Les vaccins inactivés ont pour eux la facilité de préparation et leur sécurité. Les vaccins atténués ont l’avantage de pouvoir être administrés par la même route que celle du virus sauvage, stimulant les mêmes réponses immunes, dans les mêmes tissus, par exemple un spray dans les voies respiratoires. La méthode historique risque d’être trop longue par les temps qui courent. De plus, le risque, minime, de retour à l’état sauvage du virus atténué est-il encore d’actualité ? Le vaccin recombinant du genre rVSV ou autres virus véhicules comme des virus respiratoires du type virus Parainfluenza (rSeV, rPIV1), peu ou pas pathogènes pour l’humain, devraient retenir la préférence des chercheurs.

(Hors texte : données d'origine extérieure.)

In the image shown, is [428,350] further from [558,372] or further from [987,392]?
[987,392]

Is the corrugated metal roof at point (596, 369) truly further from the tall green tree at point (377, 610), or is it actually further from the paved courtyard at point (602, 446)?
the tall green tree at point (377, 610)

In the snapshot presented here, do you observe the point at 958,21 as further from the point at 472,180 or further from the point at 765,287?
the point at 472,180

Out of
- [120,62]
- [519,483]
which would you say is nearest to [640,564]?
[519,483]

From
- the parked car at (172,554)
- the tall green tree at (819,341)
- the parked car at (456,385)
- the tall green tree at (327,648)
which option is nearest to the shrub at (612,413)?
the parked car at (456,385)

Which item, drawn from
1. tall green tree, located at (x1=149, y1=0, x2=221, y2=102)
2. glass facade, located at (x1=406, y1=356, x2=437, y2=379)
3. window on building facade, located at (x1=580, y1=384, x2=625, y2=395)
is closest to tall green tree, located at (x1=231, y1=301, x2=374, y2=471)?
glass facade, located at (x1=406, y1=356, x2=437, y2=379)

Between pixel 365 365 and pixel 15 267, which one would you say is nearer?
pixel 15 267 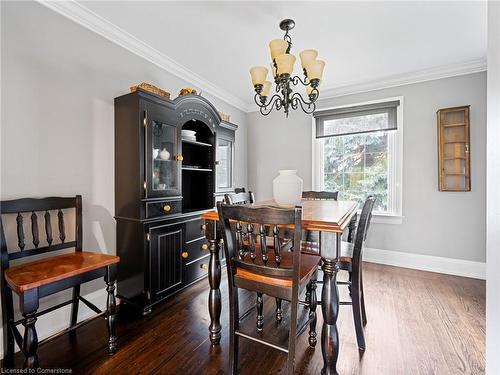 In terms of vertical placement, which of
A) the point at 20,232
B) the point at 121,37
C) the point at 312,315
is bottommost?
the point at 312,315

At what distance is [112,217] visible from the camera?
2.24 m

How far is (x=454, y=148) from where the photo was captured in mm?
2975

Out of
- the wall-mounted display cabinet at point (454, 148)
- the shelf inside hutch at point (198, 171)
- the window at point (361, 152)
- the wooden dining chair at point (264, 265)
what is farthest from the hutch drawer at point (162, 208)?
the wall-mounted display cabinet at point (454, 148)

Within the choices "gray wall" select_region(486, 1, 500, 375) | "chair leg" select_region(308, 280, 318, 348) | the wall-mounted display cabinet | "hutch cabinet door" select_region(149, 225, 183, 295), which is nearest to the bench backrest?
"hutch cabinet door" select_region(149, 225, 183, 295)

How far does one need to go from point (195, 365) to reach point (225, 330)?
1.26 ft

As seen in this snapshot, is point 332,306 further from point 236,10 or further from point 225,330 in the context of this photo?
point 236,10

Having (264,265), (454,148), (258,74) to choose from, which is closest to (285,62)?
(258,74)

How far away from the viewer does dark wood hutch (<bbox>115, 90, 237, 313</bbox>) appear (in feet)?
6.77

La liste des approches vers la production d’un vaccin est ainsi fournie. Difficile à prédire laquelle de ces pistes va aboutir. Le succès va dépendre de différents facteurs viraux qui restent encore à explorer. La protéine S est-elle immunogène, i.e. promeut-elle efficacement la montée d’anticorps ? Quelle est la durée de ces anticorps ? L’antigénicité (la carte d’identité) de S est-elle stable (comme celle du virus de la rougeole) ou évolue-t-elle comme celle des virus de la grippe ? La vaccination va-t-elle promouvoir une réponse immune adéquate, trop faible ou trop puissante ? On comprend que la disponibilité d’un vaccin ne passe pas seulement par l’obtention d’une préparation vaccinale, mais par des études rigoureuses, sur des cohortes animales, dans un premier temps (existe-t-il un bon modèle animal ?), puis sur des cohortes d’humains exposés au risque d’infection. Dans ce contexte il vaudrait mieux miser sur plusieurs candidats. L’effort de recherche doit être intense et il ne faudrait pas que les confinements stricts soient un frein à cette recherche, en fermant, par exemple, les laboratoires universitaires où se font la majorité des recherches fondamentales sur le sujet.